Date: 2007-08-30 05:36 pm (UTC)
From: [identity profile] kaffee-spinne.livejournal.com
Our cat just poops outside in the bushes. Is that ok?

I read this (http://www.newmediaexplorer.org/chris/2007/05/08/no_organic_bee_losses_bees_immune_systems_damaged.htm) in May 07. Apparently there have been no bee losses among organic bees.

Date: 2007-08-30 06:57 pm (UTC)
From: [identity profile] lwood.livejournal.com
Our cat just poops outside in the bushes. Is that ok?

Er, no--in fact, as your cat is an outdoor cat, he's a lot more likely to have oocysts in his feces than my indoor cats, and the storm sewer system doesn't actually treat water much at all, so...no, not really. Sorry.

I read this in May 07. Apparently there have been no bee losses among organic bees.

Not so--I know of collapsed colonies right here in Berkeley where there has been no spraying. No moving around on flatbed trucks, just hives in one place doing their thing...then poof.

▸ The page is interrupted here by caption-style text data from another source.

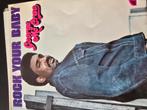 Rock your baby, Cd's en Dvd's, Vinyl | Jazz en Blues, Ophalen, Zo goed als nieuw
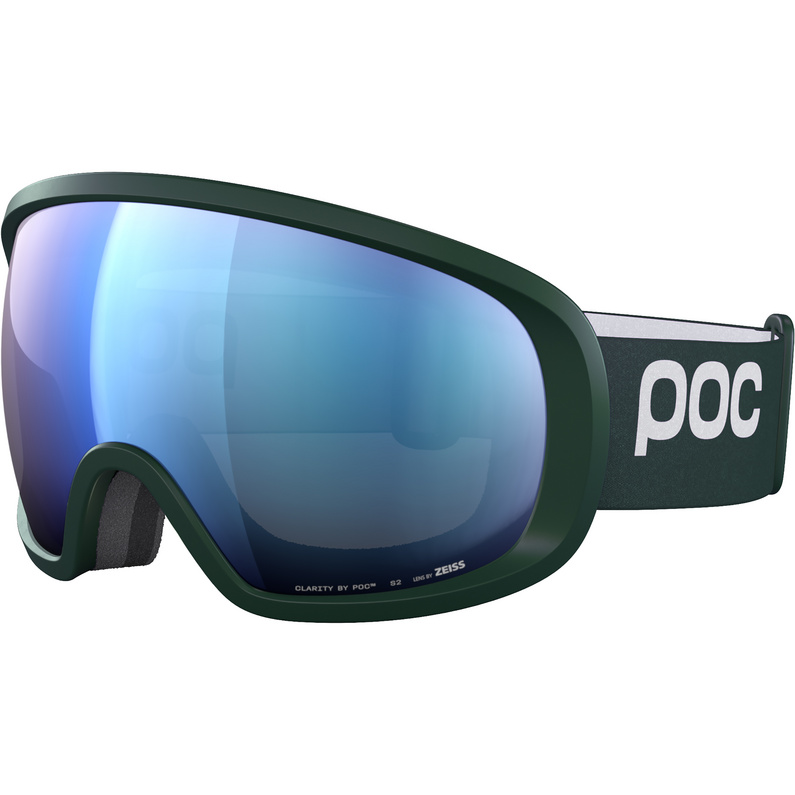 POC Fovea Skibrille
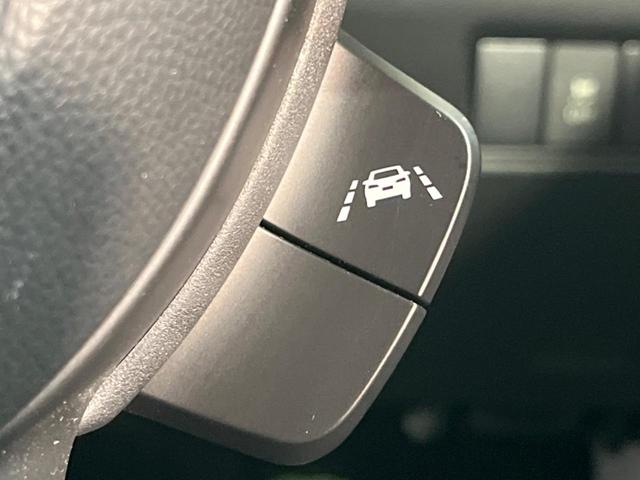 スイフト XG レーダークルーズ シートヒーター ドラレコ スマートキー オートライト オートエアコン Bluetooth DVD再生(40枚目)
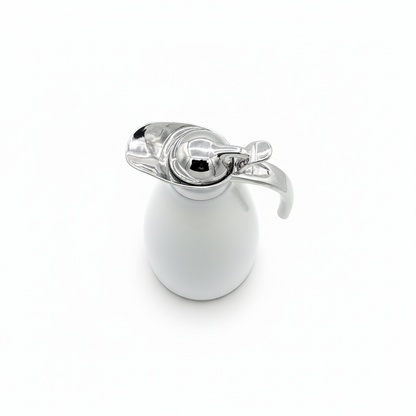 GLAHO0034 03 top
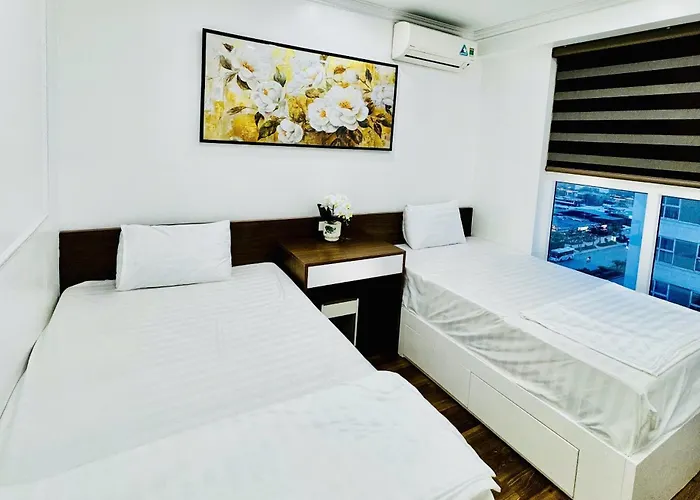 Chung Cu Newlife 2 Phong Ngu Bai Chay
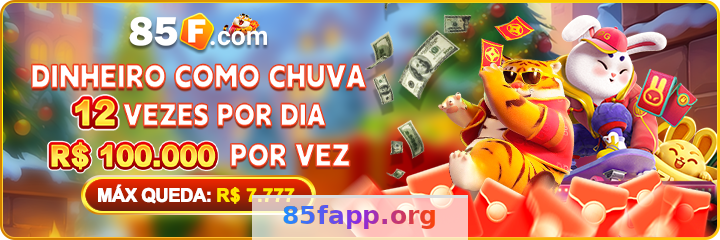 Imagem ilustrativa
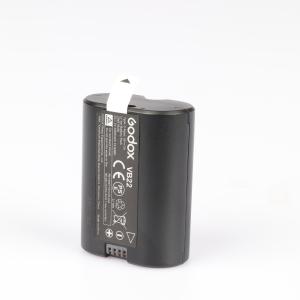 GODOX VB-22 BATTERI FÖR GODOX V480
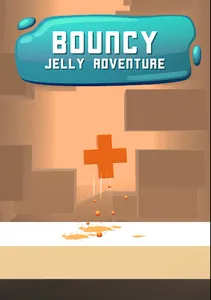 Bloqie Jelly screenshot 10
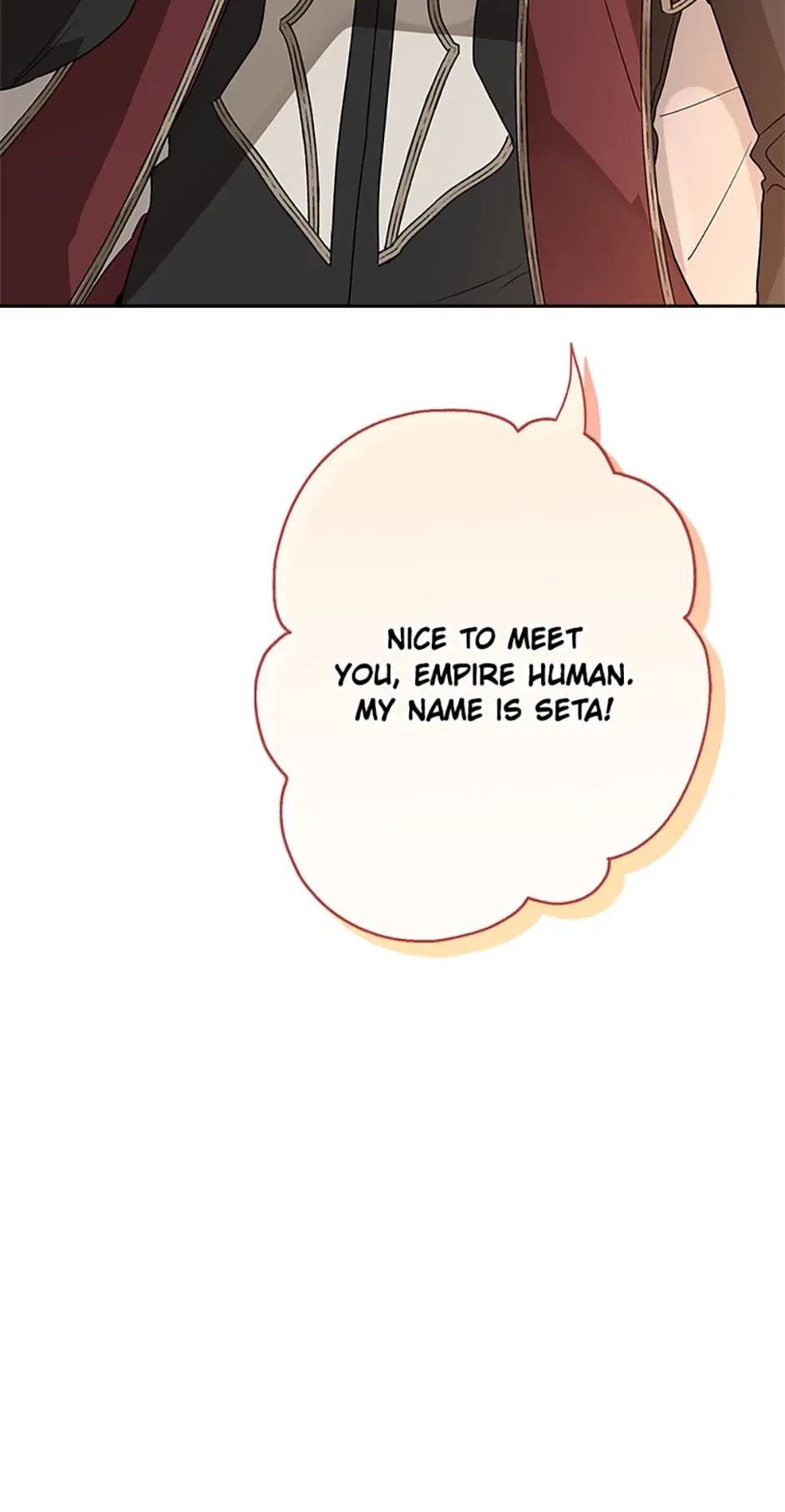 My Unexpected Marriage Chapter 70 – Page 30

The electromagnetic interference thing is pretty much rubbish too, although that was a favorite theory awhile back--I don't know of any reason it should be, save that this is a favorite topic for the usual alarmists that has yet to be consistently borne out in properly methodical research.

-- Lorrie

Date: 2007-08-30 07:31 pm (UTC)
From: [identity profile] kaffee-spinne.livejournal.com
Since goat's, sheep and pigs all are also generally contaminated with this, and they all poop outdoors (into the soil which harbors the organisms for months) - I would suppose that in areas where ground-water feeds marine area containing sea otters that there should be no free-range domesticated animals of any size?

I'm not certain we have sea otters in the Gulf of Mexico. But we have a lot of large domesticated farm animals.

Date: 2007-08-30 08:51 pm (UTC)
From: [identity profile] lwood.livejournal.com
Of all of those critters, apparently it's only Felis domesticus that carries the oocysts in its feces, which is why it's only cats that are a problem.